I remember once visiting a zoo in Italy when I was young….the animals weren't protected and respected the way they were here in the Bronx. People threw food and objects at the bears and laughed at them. One bear seemed to be genuinely 'simple' or mentally deficient-- obviously these things must happen, among animals-- and like a pathetic clown was making fun of itself, for the audience. It was intolerable for me, an animal lover…
There is something really sad about a zoo….I mean, these animals are raised in captivity, kept relatively safe-- but like our dogs they are flabby and lazy, and lose their instincts and skills. They are not quick enough to hunt in the wild, to run, to mate with true passion, to be fierce. Like our pet turtles and fish in tanks… we buy man-made symbols of their habitat, but their artificial world is a bizarre little replica of nature, and their leashless existence without predators is abnormal.
So facing a sort of natural disaster, with no one to protect them, they were suddenly dumped into a world which is not their world, but a civilized city, also turned chaotic by the flooding-- bewildered, relying on keepers and caretakers for their needs they were helpless and terrified. Some of them, using the only defense available, were hunted down as protection. Killed through no fault of their own--- looking for some reminder of their environment-- trees, a place to nest, a rooftop--the hippo swimming in a city square, a baby bear clinging to an air conditioning unit, a hyena on a man's balcony… And some of them still wandering, starving, wondering… the inventory at a zoo of this nature is difficult… unknown deaths and escapes in this kind of situation when human coffins are floating freely in the streets, from the waters rising. Who protects us, in a natural disaster? Noah's ark of course comes to mind, but what of the non-chosen animals, bellowing helplessly as the waters rose?
The other bit of information from this relatively minor crisis was the local assessment of the citywide damage-- which looked extensive and devastating--- at $18 million. In Manhattan, this does not even cover an average luxury penthouse renovation. Maybe a very minor Picasso painting. Context.
It's been a strange year-- train accidents, earthquakes… that same night I learned about the Georgian zoo animals, I listened to one of the Everest climbers who escaped death from the quake-triggered avalanche. Random occurrences… people who seem rather calm. And then there is the pedestrian-- just crossing a street… who gets smashed by an out-of-control SUV, who left her house in the morning with a list, and maybe unmatched underwear and dishes in the sink… and never went back… who was judged not by her accomplishments but by what she left undone. This terrifies me… all the loose endings, all the unfinished stories.
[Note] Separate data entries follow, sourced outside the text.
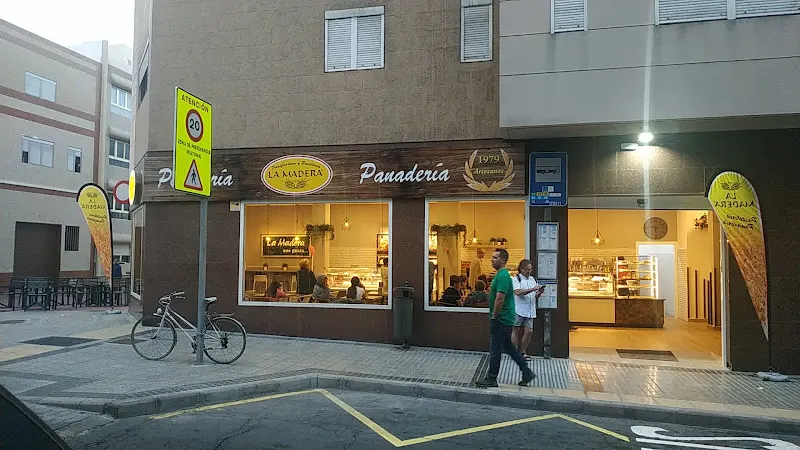 Panadería pastelería Guanarteme La Madera - Pastelería en Palmas de Gran Canaria (Las) - foto 2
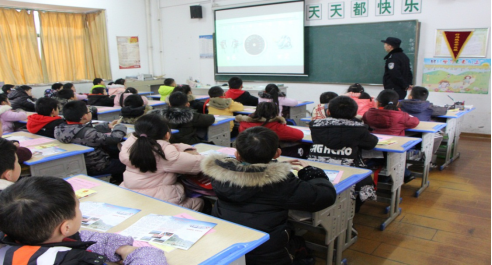 江苏省无锡市锡北镇：“浇灌祖国未来 培育反邪之花”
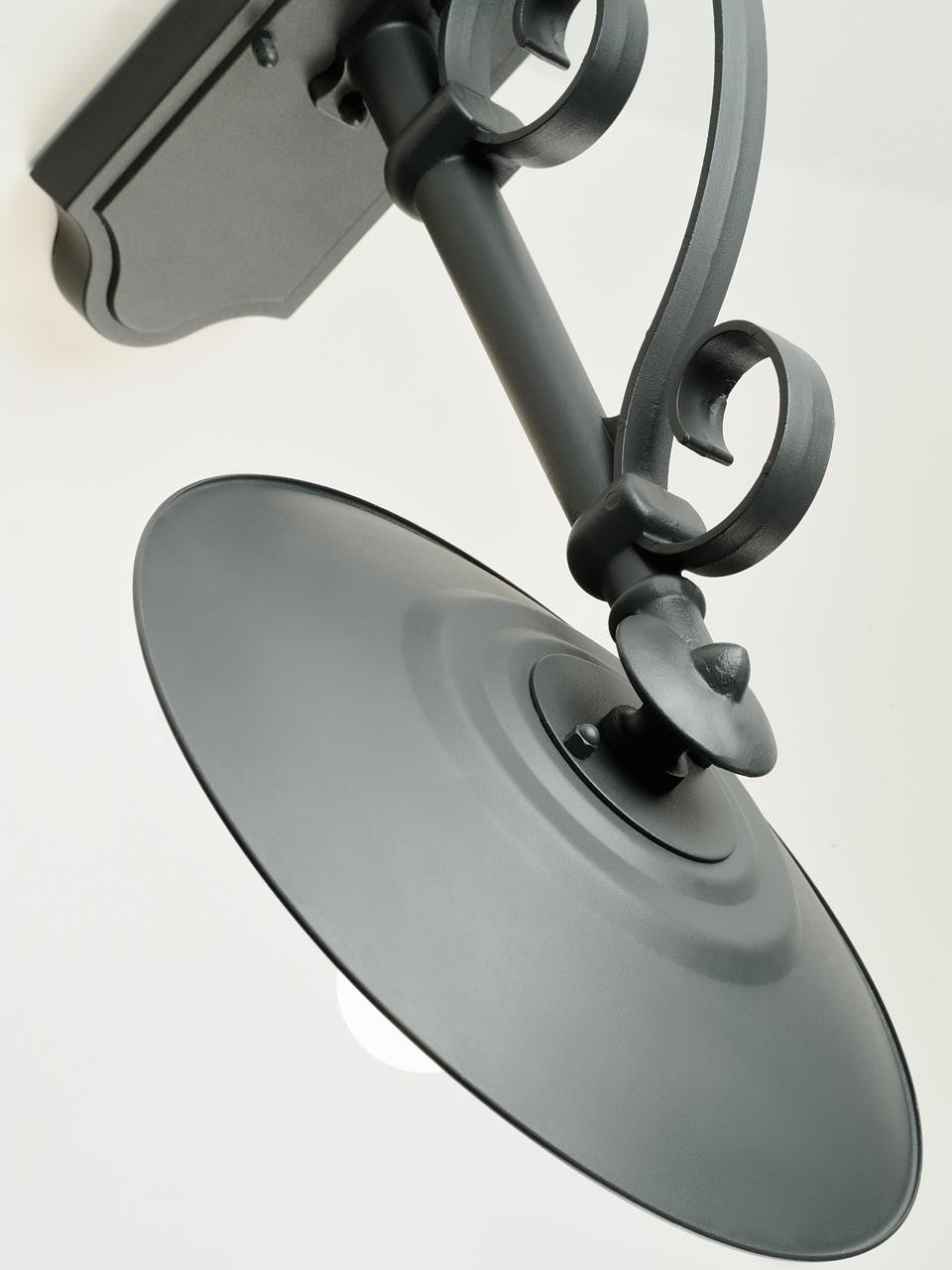 Aplique de pared inferior mediano en línea grafito antiguo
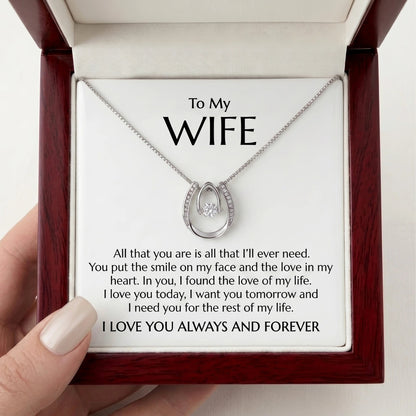 "You're the Love of My Life" Lucky In Love Necklace – Meaningful Gift for Wife - The Love Sparkle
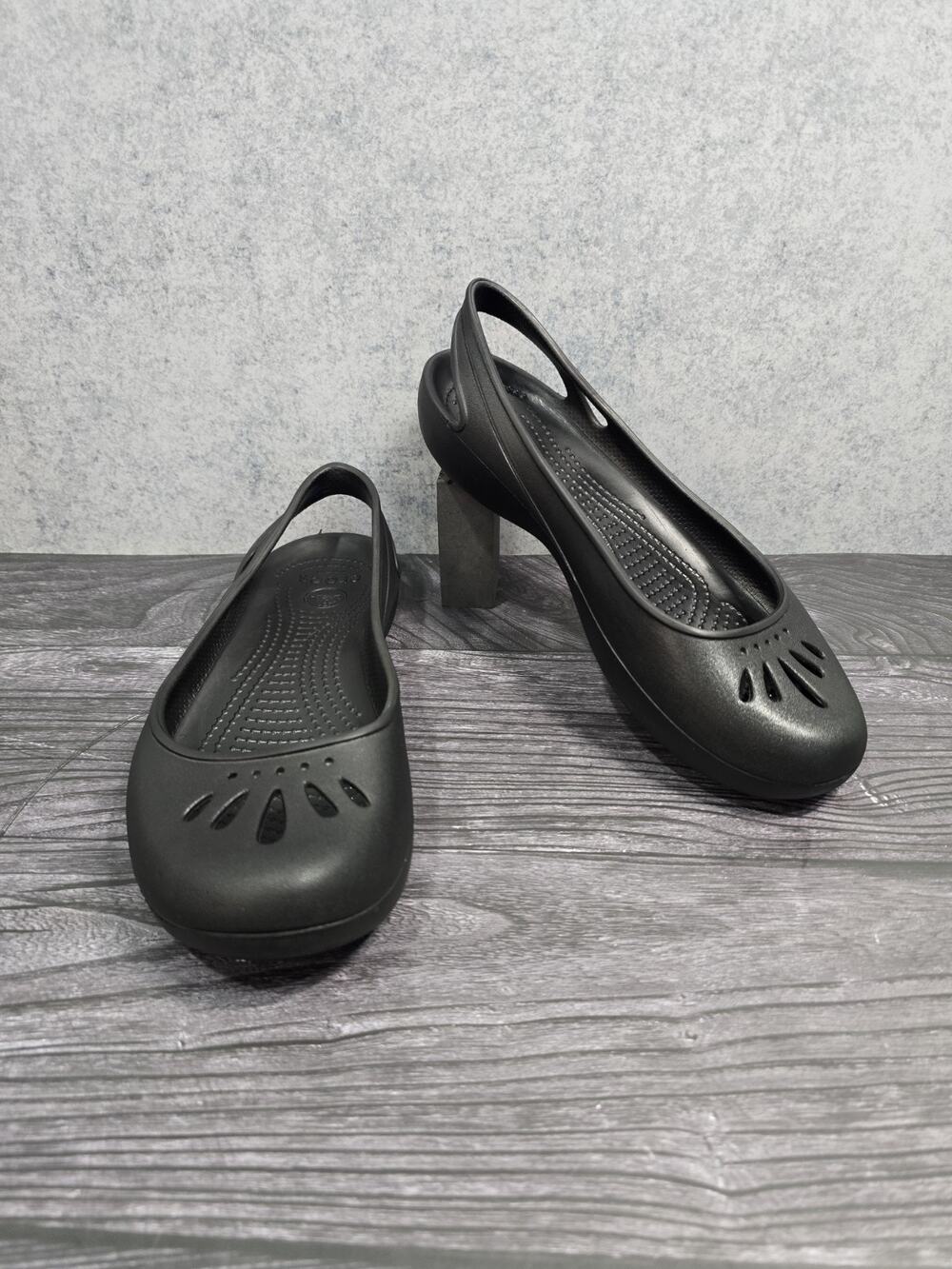Crocs Kadee Ballet Flats Womens 8 Black Slingback Slip On Cut-Out Croslite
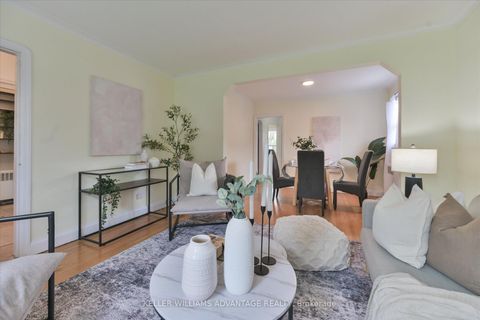 Photo 9 at 27 Innismore Crescent, Maryvale, Toronto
On Mondays when I come across town after my gig, there is one bus driver only on the route. I get to know these guys-- their habits, their loneliness-- this is a strange time-- hours of back and forth with a handful of passengers and often an empty bus. The current one has this sort of OCD thing-- he floors it through the park so he just makes the light on Fifth Ave. It's a little dangerous, and I can feel his adrenaline pump, his heart rate soar-- it's a little bit of a thrill. I don't know what he'd do if a cab was pushing the downtown light on Fifth and he had to brake suddenly or crash. I guess this gets him through the night. One day he'll be replaced. One day I might get replaced, or be gored by a lost zoo animal. WIll he wonder about me? Doubtful.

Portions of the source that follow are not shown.